On April 6, 2020, APF joined dozens of other organizations in sending a letter to the President in support of the Safer Affordable Fuel-Efficient (SAFE) Vehicles Rule. This joint Department of Transportation (DOT) and Environmental Protection Agency (EPA) rulemaking will reform the misguided federal fuel mandates known as the Corporate Average Fuel Economy (CAFE) program. Read the letter below, or click here to open the PDF in a new tab.
Dear Mr. President:
We write you to express our support for the Safer Affordable Fuel-Efficient (SAFE) Vehicles Rule. This joint Department of Transportation (DOT) and Environmental Protection Agency (EPA) rulemaking will reform the federal fuel mandates known as the Corporate Average Fuel
Economy (CAFE) program.
The problems with the program are numerous and have only been compounded over its 40-year history. The fuel economy mandate has imposed a needless cost on car buyers of around $4,000 per vehicle and the previous administration’s plan would have cost car buyers more than $7,000
To meet the mandate, automakers often have sold smaller, less desirable cars at a discount, while increasing prices on larger, more popular cars, crossovers, SUVs, and trucks. Today, the average transaction price for light vehicles in the United States is approaching $39,000.

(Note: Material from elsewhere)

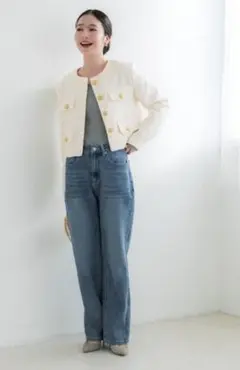 アイボリー ノーカラージャケット M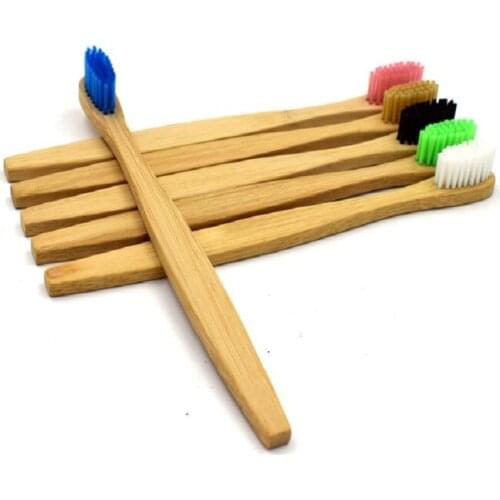 1 PC Bamboo Toothbrush Wholesale Green Wood Bamboo Toothbrush Oral Care Soft Bristle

Absent this tough but fair rule, the previous administration’s CAFE mandate would have made this problem even worse, shifting burdens onto families with needs or preferences for larger vehicles. Such families not only include those with children, but also those with individuals having mobility challenges. Those families and individuals who prefer or need trucks, SUVs, and crossovers pay more to subsidize those who buy smaller vehicles or electric vehicles under the existing mandate. This significant, needless, and unjust cost is a very real regressive tax on American families that has made our country worse off.
The existing unworkable mandate has also pushed people toward cars that are less safe. The cost increases on new vehicles inflicted by CAFE keep families in older, less safe, less reliable vehicles longer. While we would have preferred an even greater reduction or even the elimination of the mandate altogether, the right-sizing of this mandate to a 1.5-percent annual increase in fuel economy from an onerous 5 percent will improve the vehicle market on all fronts and restore the decision about the types of cars people can buy to consumers and the auto industry.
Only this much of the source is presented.